AIM OF THE EXERCISE
Only an exact repetition of the entries counts as an answer.

==== AVAILABLE RECORDS

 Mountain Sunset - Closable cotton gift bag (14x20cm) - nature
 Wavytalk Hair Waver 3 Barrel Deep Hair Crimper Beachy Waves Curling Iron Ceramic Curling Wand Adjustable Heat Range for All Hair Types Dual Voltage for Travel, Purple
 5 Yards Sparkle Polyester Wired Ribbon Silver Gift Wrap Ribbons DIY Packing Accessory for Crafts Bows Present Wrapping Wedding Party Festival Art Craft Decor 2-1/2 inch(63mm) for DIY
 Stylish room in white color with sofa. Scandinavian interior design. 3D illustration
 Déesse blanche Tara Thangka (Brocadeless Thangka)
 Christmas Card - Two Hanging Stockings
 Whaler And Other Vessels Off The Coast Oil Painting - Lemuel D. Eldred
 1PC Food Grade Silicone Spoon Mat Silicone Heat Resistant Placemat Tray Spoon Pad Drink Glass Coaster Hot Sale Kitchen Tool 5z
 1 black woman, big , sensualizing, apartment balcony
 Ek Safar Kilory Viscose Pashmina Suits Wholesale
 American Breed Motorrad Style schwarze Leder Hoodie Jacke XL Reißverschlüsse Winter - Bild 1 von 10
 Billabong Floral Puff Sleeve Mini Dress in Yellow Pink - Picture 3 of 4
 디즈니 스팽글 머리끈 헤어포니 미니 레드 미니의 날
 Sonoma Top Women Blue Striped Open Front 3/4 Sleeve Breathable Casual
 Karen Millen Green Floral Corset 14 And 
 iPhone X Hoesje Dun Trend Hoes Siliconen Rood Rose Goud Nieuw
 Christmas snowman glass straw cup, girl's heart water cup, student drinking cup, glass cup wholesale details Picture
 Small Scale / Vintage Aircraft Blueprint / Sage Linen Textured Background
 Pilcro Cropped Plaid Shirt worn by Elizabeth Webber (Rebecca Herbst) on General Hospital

========

EXERCISE SOLUTION
 Mountain Sunset - Closable cotton gift bag (14x20cm) - nature
 Wavytalk Hair Waver 3 Barrel Deep Hair Crimper Beachy Waves Curling Iron Ceramic Curling Wand Adjustable Heat Range for All Hair Types Dual Voltage for Travel, Purple
 5 Yards Sparkle Polyester Wired Ribbon Silver Gift Wrap Ribbons DIY Packing Accessory for Crafts Bows Present Wrapping Wedding Party Festival Art Craft Decor 2-1/2 inch(63mm) for DIY
 Stylish room in white color with sofa. Scandinavian interior design. 3D illustration
 Déesse blanche Tara Thangka (Brocadeless Thangka)
 Christmas Card - Two Hanging Stockings
 Whaler And Other Vessels Off The Coast Oil Painting - Lemuel D. Eldred
 1PC Food Grade Silicone Spoon Mat Silicone Heat Resistant Placemat Tray Spoon Pad Drink Glass Coaster Hot Sale Kitchen Tool 5z
 1 black woman, big , sensualizing, apartment balcony
 Ek Safar Kilory Viscose Pashmina Suits Wholesale
 American Breed Motorrad Style schwarze Leder Hoodie Jacke XL Reißverschlüsse Winter - Bild 1 von 10
 Billabong Floral Puff Sleeve Mini Dress in Yellow Pink - Picture 3 of 4
 디즈니 스팽글 머리끈 헤어포니 미니 레드 미니의 날
 Sonoma Top Women Blue Striped Open Front 3/4 Sleeve Breathable Casual
 Karen Millen Green Floral Corset 14 And 
 iPhone X Hoesje Dun Trend Hoes Siliconen Rood Rose Goud Nieuw
 Christmas snowman glass straw cup, girl's heart water cup, student drinking cup, glass cup wholesale details Picture
 Small Scale / Vintage Aircraft Blueprint / Sage Linen Textured Background
 Pilcro Cropped Plaid Shirt worn by Elizabeth Webber (Rebecca Herbst) on General Hospital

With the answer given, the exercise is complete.